L'idée d'utiliser un outil aussi puissant pour la conversation de tous les jours? Cela semblait risible et odieux. Un des premiers critiques sociaux a averti que le téléphone ne devrait pas être utilisé pour «l'échange de chamailleries entre femmes stupides». Les hommes d'affaires ont interdit à leurs femmes de bloquer la ligne, de peur qu'elles ne gênent le commerce. «Au début, il était interdit aux femmes d'utiliser le téléphone - l'entreprise était censée avoir la priorité», note Michèle Martin, professeure émérite à la Carleton University du Canada et auteur de Hello, Central ?

Mais il est vite devenu évident que les gens voulaient parler, socialiser. En 1909, un responsable d’une compagnie de téléphone a mené une enquête sur l’utilisation et a constaté que 30% des appels étaient des «commérages inutiles», d’une durée moyenne de 7, 5 minutes chacun. Il n'aimait pas ce bavardage, mais il courait contre le courant. Les entreprises de téléphonie ont fini par se rendre compte qu'il y avait plus d'argent dans la vente de lignes pour les plaisanteries que pour les affaires. «Ils ont compris:« Nous pouvons gagner de l’argent grâce aux ragots, aux conversations inutiles et à la sociabilité au téléphone », a déclaré Claude Fischer, auteur d’ America Calling: une histoire sociale du téléphone jusqu’en 1940 .

Quelques années plus tard, les compagnies de téléphone ont insisté sur la façon de réduire l’isolement et de rapprocher leurs amis. Une entreprise californienne a déclaré en 1911 que son téléphone était «une bénédiction pour la fermière», ajoutant que «cela soulage la monotonie de la vie. Elle ne peut pas être seule avec le service de Bell. "

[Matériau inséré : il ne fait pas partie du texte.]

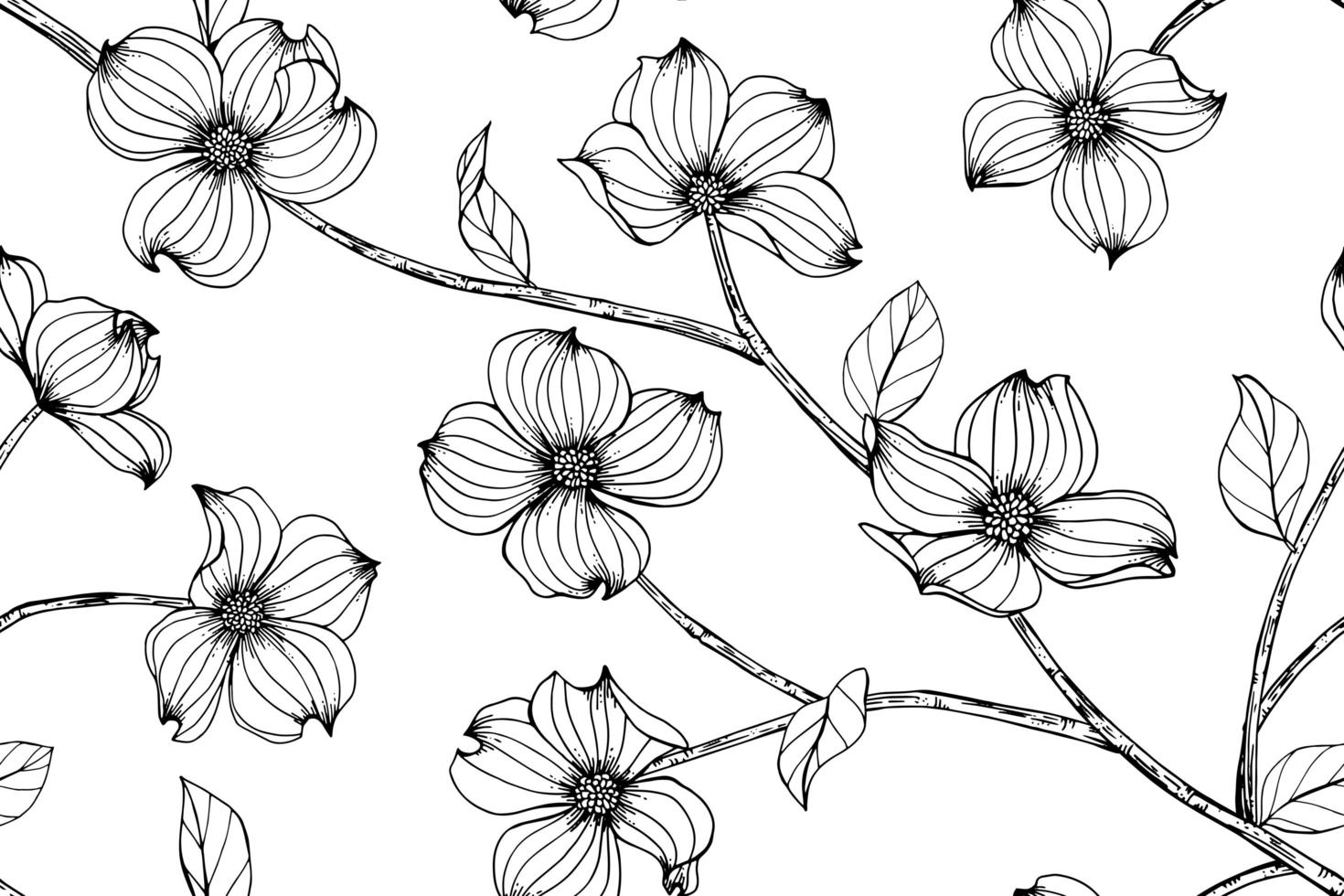 Hand Drawn Dogwood Flowers vector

En effet, les femmes sont rapidement devenues les principales utilisatrices du téléphone. «À certains égards, c'était libérateur», note Martin, car cela donnait beaucoup plus de contact social aux femmes confinées à la maison - sans l'énorme travail de maintien des apparences visuelles dans les interactions en face-à-face.

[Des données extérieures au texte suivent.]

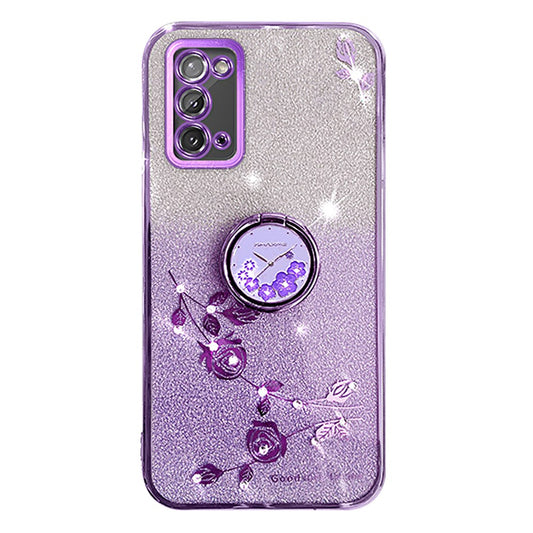 Galaxy A31 Glitzer-Hülle – Weich, mit Blumenmuster & Ringständer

Néanmoins, les utilisateurs ont eu du mal à comprendre les protocoles sociaux de ce nouveau royaume éthéré. Comment commencez-vous une conversation lorsque vous ne pouvez pas voir la personne à qui vous parlez? Thomas Edison a préconisé de commencer chaque appel avec «Bonjour», mais les maîtres de l'étiquette se sont mis à trembler. «Cela ressemblait trop à un appel d'un navire à l'autre», dit Fischer en riant - beaucoup trop brutal et brutal, un yawp barbare dénué de toute grâce sociale. Comme le faisait remarquer à l’époque un critique social: «Souhaitez-vous vous précipiter dans un bureau ou à la porte d’une résidence et laisser échapper« Bonjour! Bonjour! À qui suis-je en train de parler? »D'autres ont fait valoir que le téléphone convenait peut-être à certaines choses, mais pas aux communications délicates, comme inviter une connaissance à dîner. («Jamais excusable, sauf entre amis très intimes», écrivait Annie Randall White, auteur de l'étiquette, en 1901).

Néanmoins, le téléphone a rapidement donné naissance à de nouvelles formes curieuses de socialisation. Les appelants organisaient des visites hebdomadaires «régulières», appelant une famille éloignée pour suivre l'actualité. «La distance diminue et chaque jeudi soir, pendant quelques minutes, des voix familières informent les petits potins de la famille que les deux sont si impatientes d’entendre», lança une annonce de Bell en 1921.

Les compagnies de téléphone se sont même vantées que le téléphone constituait une amélioration par rapport à cette lettre fastidieuse et sans fil. "La correspondance sera utile pendant un certain temps, mais les amitiés ne se développent pas longtemps uniquement avec les lettres", note un manuel de vente de 1931 de Bell. «Lorsque vous ne pouvez pas vous rendre en personne, téléphonez périodiquement. Les appels téléphoniques maintiendront remarquablement bien toute l'intimité. "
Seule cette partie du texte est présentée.